Why the obsession with lifecycle and disposition in records?
One of the best pieces of wisdom that I've ever heard was that managers don't solve the problems that they have, they solve the problems they know how to solve - whatever the actual problems they have.
It's a way of saying that we need to pay attention to the situation we're in, and we need to remember what we're being paid to do.
And we are not being paid to implement dogmatic solutions to the problems of the past.
Or solutions that have economics that used to make sense.
The bottom line is that businesses hire managers because they want to improve performance.
And we are no different.
Which leads to the important question, has anyone ever measured the performance improvement that occurs when a business implements lifecycle management?
I can't find any evidence that it does improve it, or that anyone has.
Anywhere.
The only place I see it positioned as the solution to a problem is when i read the history of some of our archives (australian archives).
I see frequent references to "expensive office space" being taken up by records, and concerns about departments that haven't destroyed a record since they were founded.
Of course, these references were in the 1920's, and 1940's.
That seems to be where our thinking on lifecycle management and destruction are stuck.
Dogmatic solutions to real problems.
Everyone else has figured this out.
Which is why disposition is almost impossible to get done.
At least the way we're asking people to do it.
What's missing isn't process.
What's missing are leaders who are prepared to recognise that times are different, and economics are different.
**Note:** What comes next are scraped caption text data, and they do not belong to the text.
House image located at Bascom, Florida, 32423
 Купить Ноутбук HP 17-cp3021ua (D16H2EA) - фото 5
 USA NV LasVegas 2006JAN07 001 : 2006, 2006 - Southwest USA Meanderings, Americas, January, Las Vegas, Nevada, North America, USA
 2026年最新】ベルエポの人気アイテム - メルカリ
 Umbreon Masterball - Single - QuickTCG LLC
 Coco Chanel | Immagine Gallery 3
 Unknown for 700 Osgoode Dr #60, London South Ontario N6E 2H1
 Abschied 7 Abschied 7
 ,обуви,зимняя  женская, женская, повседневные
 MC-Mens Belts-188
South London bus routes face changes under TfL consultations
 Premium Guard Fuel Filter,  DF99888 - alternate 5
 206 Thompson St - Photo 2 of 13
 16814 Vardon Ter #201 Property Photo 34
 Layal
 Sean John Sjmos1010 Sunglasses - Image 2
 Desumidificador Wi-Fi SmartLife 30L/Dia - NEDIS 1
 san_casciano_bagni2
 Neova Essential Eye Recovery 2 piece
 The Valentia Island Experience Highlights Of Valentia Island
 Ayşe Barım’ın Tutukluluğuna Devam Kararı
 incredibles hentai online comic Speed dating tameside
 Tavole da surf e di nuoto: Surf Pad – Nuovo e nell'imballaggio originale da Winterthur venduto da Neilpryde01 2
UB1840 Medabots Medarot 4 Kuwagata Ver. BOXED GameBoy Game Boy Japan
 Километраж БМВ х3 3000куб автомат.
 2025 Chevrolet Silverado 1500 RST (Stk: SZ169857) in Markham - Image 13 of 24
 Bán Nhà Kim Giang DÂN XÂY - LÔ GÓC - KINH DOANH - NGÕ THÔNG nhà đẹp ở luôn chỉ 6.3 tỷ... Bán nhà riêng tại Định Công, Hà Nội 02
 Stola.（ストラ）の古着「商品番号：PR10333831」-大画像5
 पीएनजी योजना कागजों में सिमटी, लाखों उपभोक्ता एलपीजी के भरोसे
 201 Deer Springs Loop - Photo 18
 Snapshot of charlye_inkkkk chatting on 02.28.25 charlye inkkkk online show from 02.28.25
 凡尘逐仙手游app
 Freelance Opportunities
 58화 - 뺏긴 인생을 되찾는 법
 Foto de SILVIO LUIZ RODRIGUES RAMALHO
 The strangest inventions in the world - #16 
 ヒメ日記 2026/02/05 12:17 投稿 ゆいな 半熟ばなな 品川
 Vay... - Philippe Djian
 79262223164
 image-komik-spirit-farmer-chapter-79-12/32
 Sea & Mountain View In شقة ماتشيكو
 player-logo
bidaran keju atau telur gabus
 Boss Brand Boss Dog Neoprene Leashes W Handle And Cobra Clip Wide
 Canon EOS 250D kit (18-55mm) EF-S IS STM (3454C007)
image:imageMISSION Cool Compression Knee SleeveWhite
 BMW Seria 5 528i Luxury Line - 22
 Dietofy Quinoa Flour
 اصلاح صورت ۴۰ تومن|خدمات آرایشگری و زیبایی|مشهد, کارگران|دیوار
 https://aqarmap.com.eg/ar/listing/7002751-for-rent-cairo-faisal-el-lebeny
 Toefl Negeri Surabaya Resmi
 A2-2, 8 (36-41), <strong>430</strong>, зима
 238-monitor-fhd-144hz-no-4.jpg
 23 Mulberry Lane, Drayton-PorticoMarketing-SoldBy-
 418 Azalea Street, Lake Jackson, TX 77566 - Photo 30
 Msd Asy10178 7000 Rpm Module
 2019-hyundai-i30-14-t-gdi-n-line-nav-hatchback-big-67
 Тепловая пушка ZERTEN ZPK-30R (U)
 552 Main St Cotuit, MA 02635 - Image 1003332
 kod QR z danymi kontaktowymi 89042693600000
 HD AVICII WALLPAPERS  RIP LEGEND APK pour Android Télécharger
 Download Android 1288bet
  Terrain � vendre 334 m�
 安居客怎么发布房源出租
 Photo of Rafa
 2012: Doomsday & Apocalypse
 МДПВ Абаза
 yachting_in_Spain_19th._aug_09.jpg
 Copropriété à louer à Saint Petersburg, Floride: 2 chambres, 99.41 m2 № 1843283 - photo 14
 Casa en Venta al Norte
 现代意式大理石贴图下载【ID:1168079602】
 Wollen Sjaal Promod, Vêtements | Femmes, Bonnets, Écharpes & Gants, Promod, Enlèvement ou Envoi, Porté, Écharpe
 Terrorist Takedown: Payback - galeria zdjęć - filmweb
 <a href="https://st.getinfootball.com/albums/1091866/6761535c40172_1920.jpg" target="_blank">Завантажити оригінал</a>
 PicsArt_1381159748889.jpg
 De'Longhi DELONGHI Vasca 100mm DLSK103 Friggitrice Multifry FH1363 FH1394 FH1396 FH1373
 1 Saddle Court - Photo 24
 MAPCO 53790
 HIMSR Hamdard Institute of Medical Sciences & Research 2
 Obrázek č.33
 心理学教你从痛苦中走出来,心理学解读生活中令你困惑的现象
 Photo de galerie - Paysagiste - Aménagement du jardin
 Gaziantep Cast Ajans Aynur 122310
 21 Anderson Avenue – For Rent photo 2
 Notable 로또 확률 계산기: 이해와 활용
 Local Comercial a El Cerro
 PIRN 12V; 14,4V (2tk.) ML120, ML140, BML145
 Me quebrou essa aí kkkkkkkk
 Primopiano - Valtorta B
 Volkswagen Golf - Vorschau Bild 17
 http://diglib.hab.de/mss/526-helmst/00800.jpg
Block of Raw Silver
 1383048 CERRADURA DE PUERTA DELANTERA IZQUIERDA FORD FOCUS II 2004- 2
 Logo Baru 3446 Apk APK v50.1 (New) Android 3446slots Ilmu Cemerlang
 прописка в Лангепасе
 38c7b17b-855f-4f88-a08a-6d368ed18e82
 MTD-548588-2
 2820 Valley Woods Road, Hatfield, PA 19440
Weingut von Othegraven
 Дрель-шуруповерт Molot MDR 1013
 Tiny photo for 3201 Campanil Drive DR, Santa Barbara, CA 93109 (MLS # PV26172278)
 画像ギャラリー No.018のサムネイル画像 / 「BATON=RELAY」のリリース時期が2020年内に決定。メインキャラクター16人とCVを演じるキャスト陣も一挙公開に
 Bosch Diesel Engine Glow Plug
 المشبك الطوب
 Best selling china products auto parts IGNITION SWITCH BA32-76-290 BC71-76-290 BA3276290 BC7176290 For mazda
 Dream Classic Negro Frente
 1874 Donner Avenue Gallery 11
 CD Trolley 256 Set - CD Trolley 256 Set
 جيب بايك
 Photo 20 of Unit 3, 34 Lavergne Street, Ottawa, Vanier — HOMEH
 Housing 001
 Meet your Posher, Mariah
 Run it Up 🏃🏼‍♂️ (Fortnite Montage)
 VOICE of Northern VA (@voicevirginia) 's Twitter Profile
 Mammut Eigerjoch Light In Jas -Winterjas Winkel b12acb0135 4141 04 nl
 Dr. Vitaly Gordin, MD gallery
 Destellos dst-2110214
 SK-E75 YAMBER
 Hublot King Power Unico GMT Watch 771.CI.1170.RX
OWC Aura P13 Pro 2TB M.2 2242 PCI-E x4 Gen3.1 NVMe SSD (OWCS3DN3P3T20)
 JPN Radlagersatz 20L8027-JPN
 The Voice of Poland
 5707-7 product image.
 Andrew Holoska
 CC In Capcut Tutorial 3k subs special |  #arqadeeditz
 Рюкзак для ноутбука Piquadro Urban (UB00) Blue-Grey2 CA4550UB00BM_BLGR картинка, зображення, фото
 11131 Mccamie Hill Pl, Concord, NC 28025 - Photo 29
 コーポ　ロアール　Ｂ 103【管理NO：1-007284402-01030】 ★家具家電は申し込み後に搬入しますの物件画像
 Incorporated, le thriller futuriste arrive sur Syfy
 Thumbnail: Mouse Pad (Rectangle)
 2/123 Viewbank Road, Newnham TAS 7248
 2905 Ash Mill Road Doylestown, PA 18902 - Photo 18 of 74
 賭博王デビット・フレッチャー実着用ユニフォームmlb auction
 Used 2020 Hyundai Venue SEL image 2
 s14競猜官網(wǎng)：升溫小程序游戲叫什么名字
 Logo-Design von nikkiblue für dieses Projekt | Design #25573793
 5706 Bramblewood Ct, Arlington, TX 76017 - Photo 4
So we have to be different.
Can't get approvals?
Remove the approvals.
Can't get people to press a button?
Automate it.
The the real solution - if we can't distribute responsibility for it (like we've been trying to).
Centralise it.
The real problem with disposition is that we keep trying to get everyone else to take responsibility for it.
Taking responsibility is the first step in leadership.
And leadership is what we need most in the industry at the moment.